David Boyer of Maine’s Campaign to Regulate Marijuana Like Alcohol, added, “Our initiatives were largely similar overall.”
A Gallup poll released last week found that 58 percent of U.S. residents believe marijuana should be legal.
Voters in several states could face multiple ballot initiatives next year intended to legalize marijuana, with nine competing for signatures in California and four competing in Massachusetts. Pro-marijuana groups have also filed for 2016 referendums in Michigan, Nevada and Arizona.
The Campaign to Regulate Marijuana Like Alcohol is backed by the Marijuana Policy Project, a national group that is also supporting a measure the Campaign is pushing in Massachusetts.
There the Campaign faces competition from three initiatives submitted by Bay State Repeal. The Campaign’s Massachusetts initiative, which is similar to its Maine proposal, calls for special taxes on marijuana, a provision opposed by Bay State Repeal.

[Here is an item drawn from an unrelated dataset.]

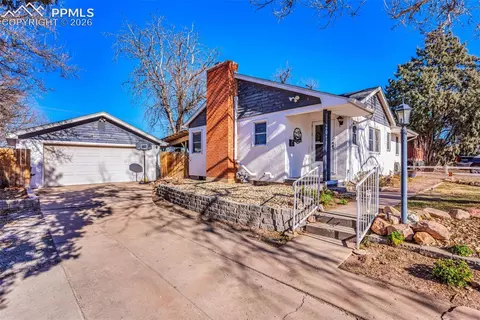 3011 Vail Ave, Pueblo, CO 81005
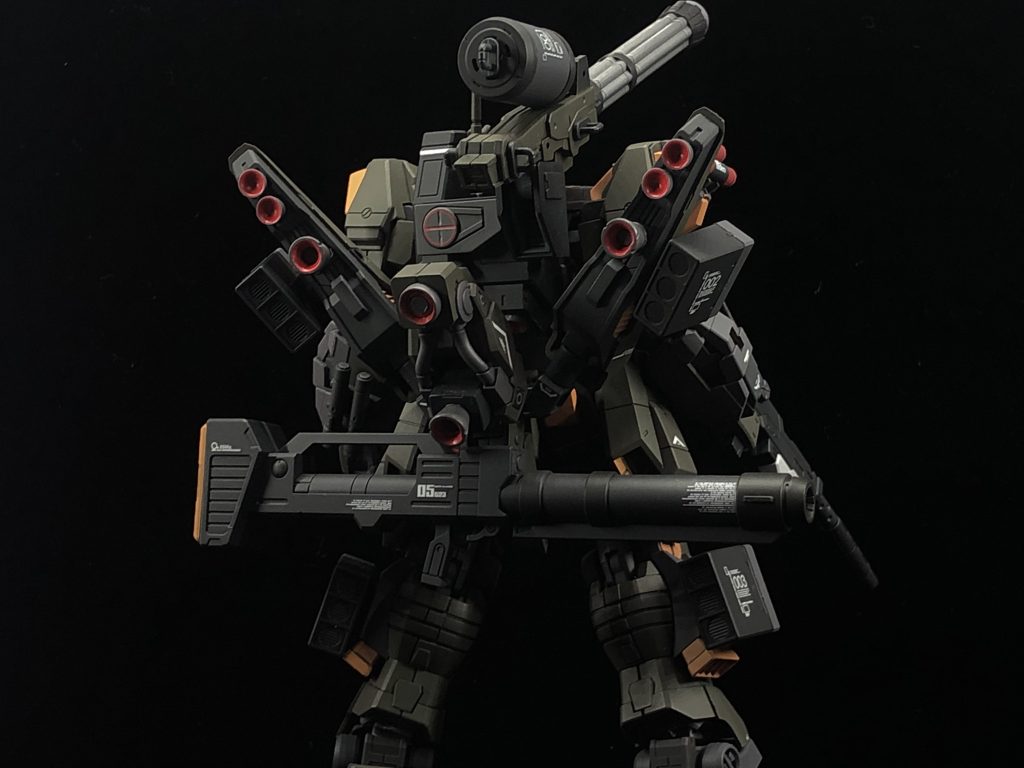 レールキャノンは後ろ側にマウント出来ます。V字型のブースターは前回の高機動型のバックパックをベースに少し手を加えたものです。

Members of those two groups on Monday indicated they were unlikely to join forces any time soon.
“It would be very nice if they agreed that ours is a better law,” said Steven Epstein of Bay State Repeal.
Will Luzier, of the Campaign, said: “Our proposal is divergent from the proposal of the other group ... It’s doubtful that we would be able to combine forces here in Massachusetts.”
Activists in California, meanwhile, are still working to winnow down the field of nine ballot proposals, aiming to find one that could pass in the most populous U.S. state. It is estimated that it would cost up to $2 million to gather the roughly 366,000 signatures needed to win one spot on the ballot.
Dale Sky Jones, chairwoman of the Coalition for Cannabis Policy Reform, said the groups are negotiating to resolve differences among their competing proposals.
“Are we jostling for position? Absolutely, yes,” she said. “Are we still talking to each other? Absolutely, yes.”
Lieutenant Governor Gavin Newsom, who supports legalization of the drug for adults, said he hopes the groups coalesce around a single approach, because otherwise voters could be faced with a confusing choice in 2016 and simply vote down all of the measures.
“It would be a shame to come this far and fall short,” Newsom said.